Mudamos de escola, mas o encantamento continua a dominar o balanço da participação no evento. Também os alunos entrevistados do Agrupamento de Escolas Latino Coelho definem esta oportunidade como “única”, “espetacular”, considerando-a “um privilégio”. Mariana Bernardo, aluna do 12.º ano afirma que a “palestra foi muito interessante e super esclarecedora sobre o estudo dos buracos negros”. “Ter oportunidade de ouvir sobre algo tão fascinante” despertou a curiosidade e o interesse de Francisca Quaresma, que frequenta o 11.º ano, para a área. “Foi uma oportunidade única, visto tratar-se de alguém com grande prestígio no mundo da Física”, assinalou a aluna.
Atividades “singulares” que aproximam os alunos dos protagonistas da Ciência
O professor Manuel da Silva, docente de Física e Química no Agrupamento de Escolas Latino Coelho, fez questão de mobilizar os seus alunos para assistir à palestra por a entender como uma “uma oportunidade singular, única e impensável de acontecer com alunos do ensino secundário, no passado, mesmo recente”. “Este tipo de atividade aproxima os jovens dos intérpretes e protagonistas da ciência, mais concretamente da Física, neste caso.
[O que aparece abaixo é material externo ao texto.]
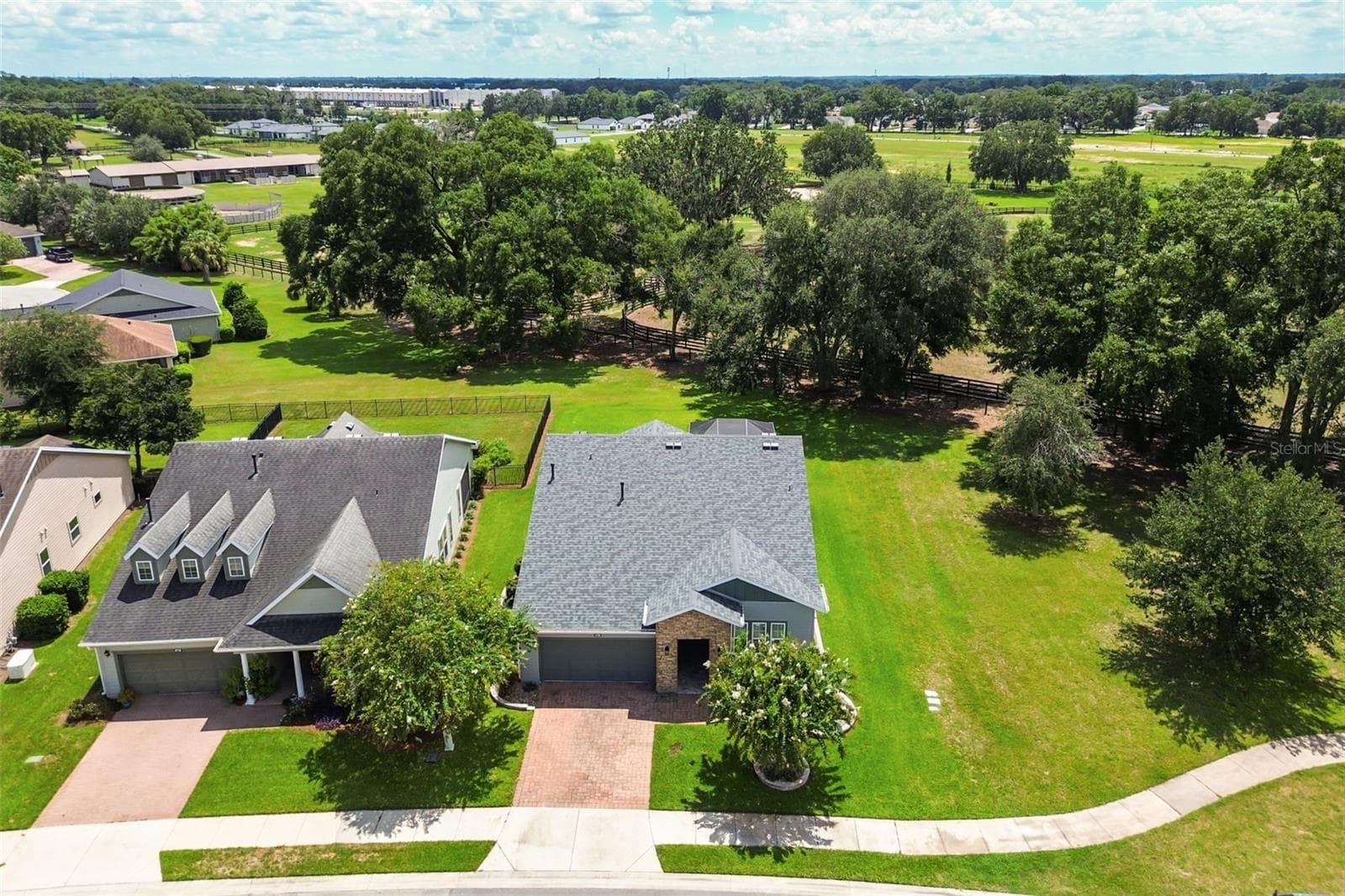Single Family Residence at 4720 NW 35TH LANE RD, OCALA, photo 2 of 63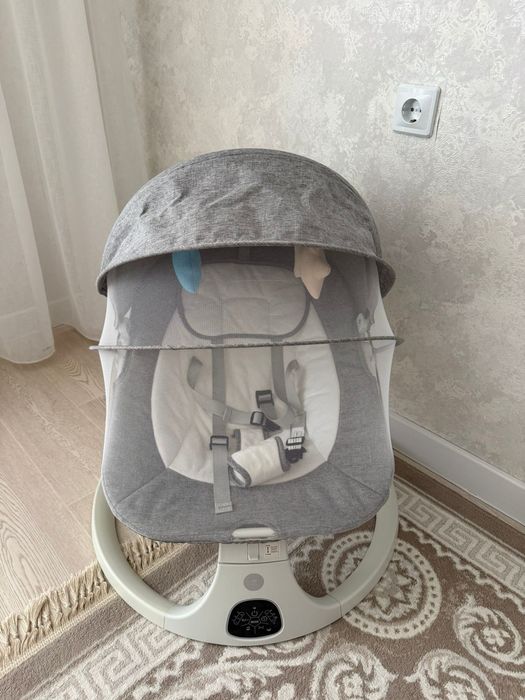 Продам детский шезлонг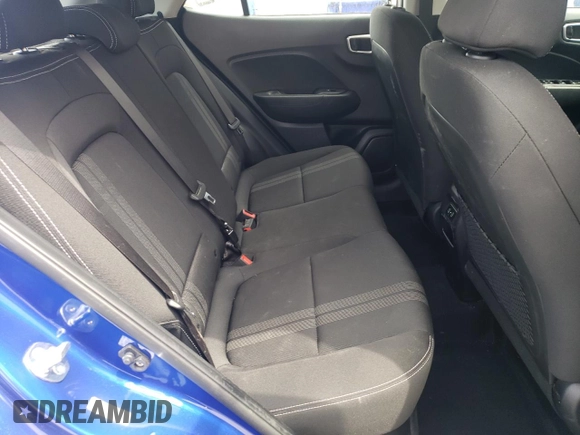 2024 Hyundai Venue SEL z VIN KMHRC8A38RU324692, wystawiony jako Copart lot #54395115 z przebiegiem 12 017 mil mil oraz Czysty tytuł • Clean title. Historia ofert i sprzedaży dostępna na DreamBid. Obrazek 11.
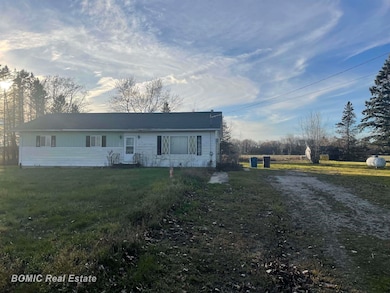 6455 N Carter Rd, Pinconning, MI 48650 - photo 2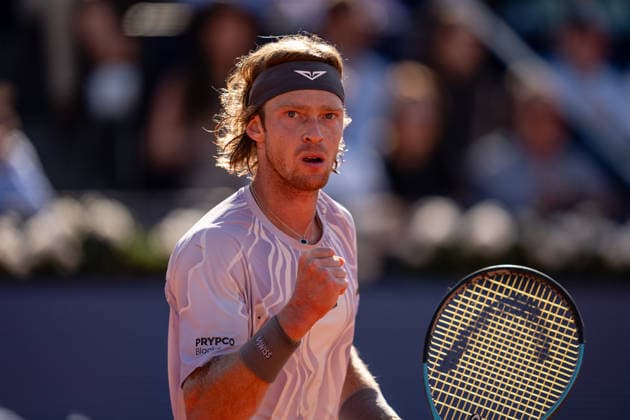ATP, Tennis Herren 500 - Final of Barcelona Open Banc Sabadell in Barcelona, Spain, 19, April, 2026. Final of Barcelona Open Banc Sabadell match between Andrey Rublev (RUS) and Arthur Fils (FRA) in Reial Club de Tennis Barcelona, Barcelona, Spain, on April 19, 2026. Andrey Rublev (RUS) reacts. Barcelona Reial Club de Tennis Barcelona Barcelona Spain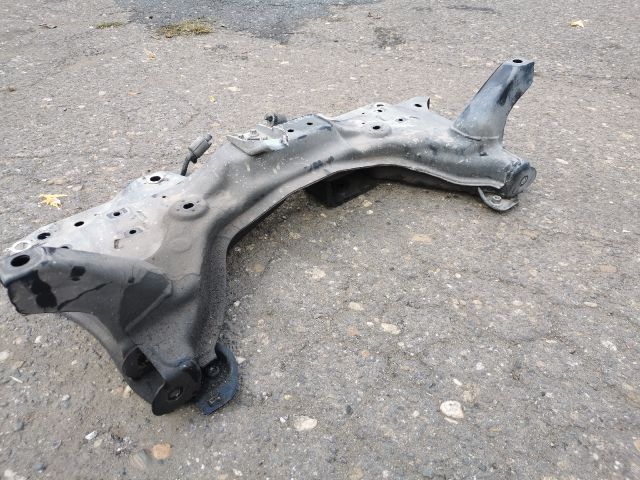 bontott OPEL CORSA D Első Bölcső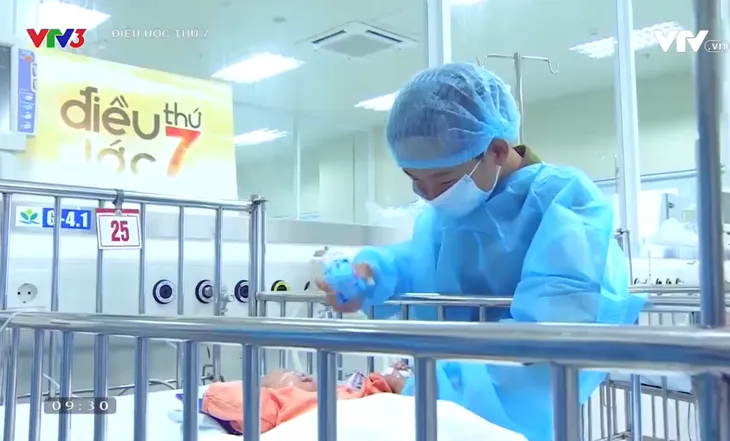 Điều ước thứ 7: Cuộc gặp gỡ xúc động của hai con trai nạn nhân trong vụ cháy ở Đê La Thành - Ảnh 2. Điều ước thứ 7: Cuộc gặp gỡ xúc động của hai con trai nạn nhân trong vụ cháy ở Đê La Thành - Ảnh 2.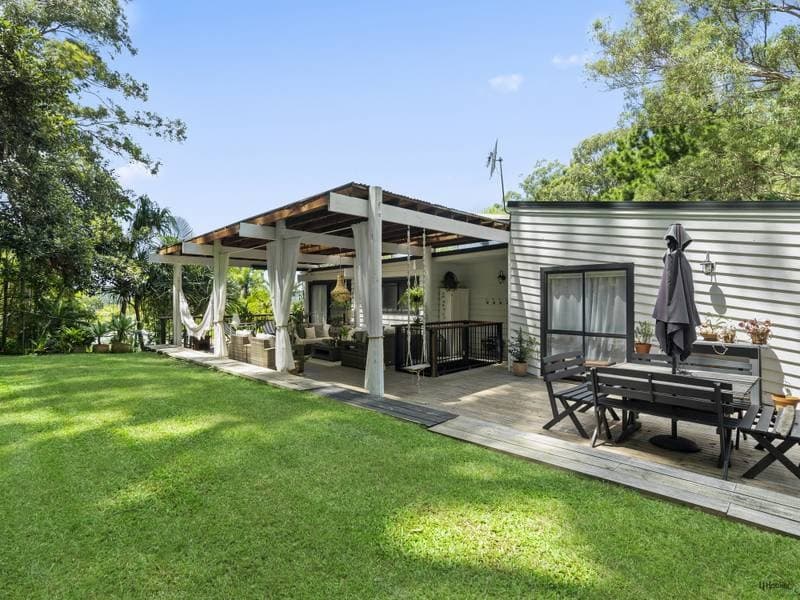 23 Bronhill Street Currumbin Waters QLD, Currumbin Waters - Thumbnail 2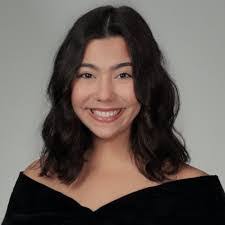 Michelle Arrigo's Instagram, Twitter & Facebook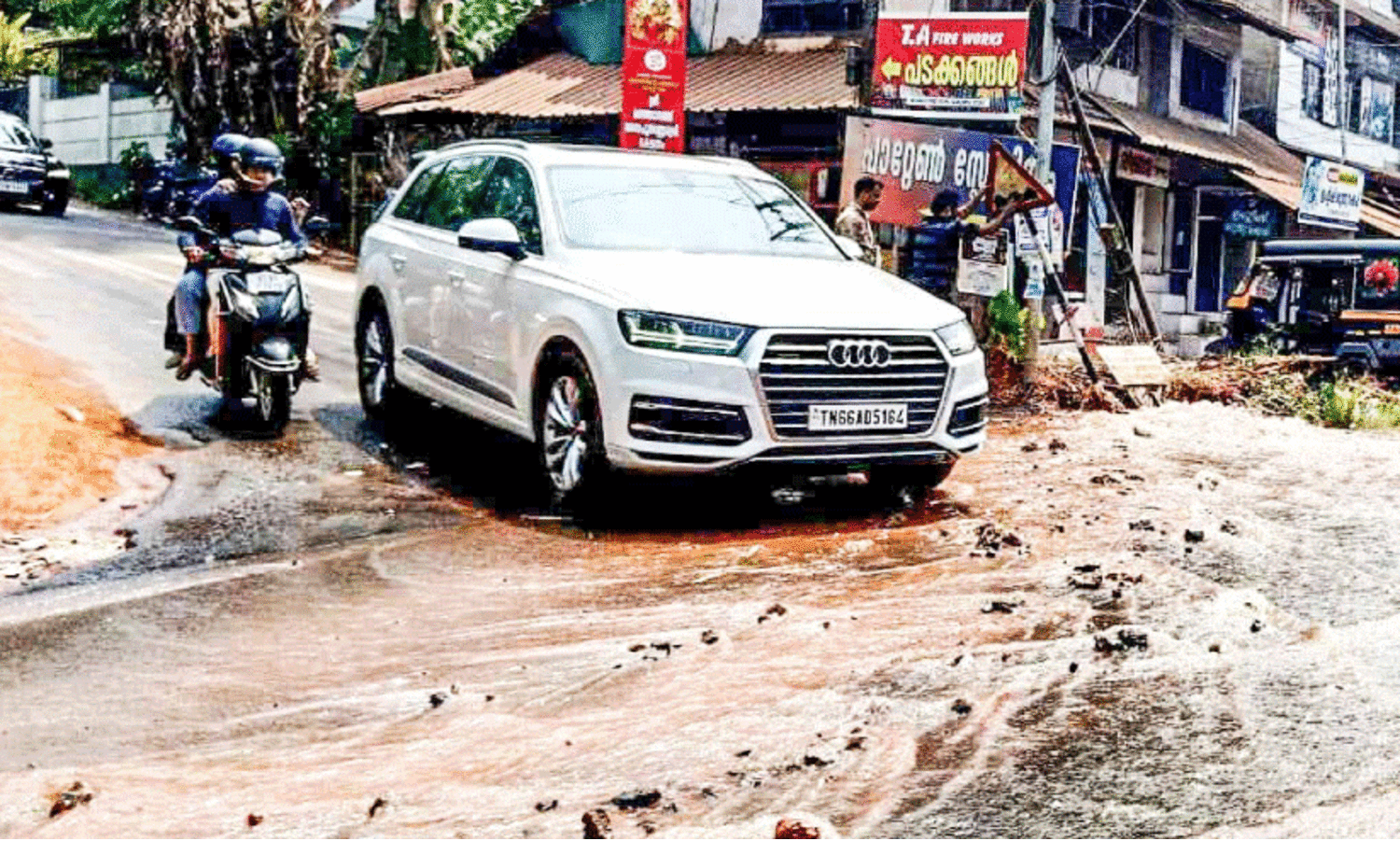 കുടിവെള്ള പൈപ്പ് പൊട്ടി റോഡ് പുഴയായി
Tem as características ideais para catalisar o interesse dos jovens pela Física”, defende o docente.
A professora Fernanda Freitas, também docente de Física e Química, mas na Escola Secundária Jaime Moniz, partilha da mesma opinião e não hesita em sublinhar que “atividades deste tipo são fundamentais para os alunos compreenderem a amplitude do processo científico, que é algo que se constrói, mas está sempre em aberto”. A docente acredita que “apesar dos alunos não compreenderem tudo o que lhes é transmitido, ficam cientes da importância do conhecimento científico e do trabalho em equipa”. “Esta oportunidade foi única, não só pela temática, mas também pelo facto de estarmos perante um Prémio Nobel, a falar do trabalho de uma vasta equipa, ao longo de muitos anos”, acrescenta. Além de ter ficado muito satisfeita com tudo o que ouviu, a professora partilha que sentiu “que os alunos se sentiram orgulhosos de terem participado na mesma”.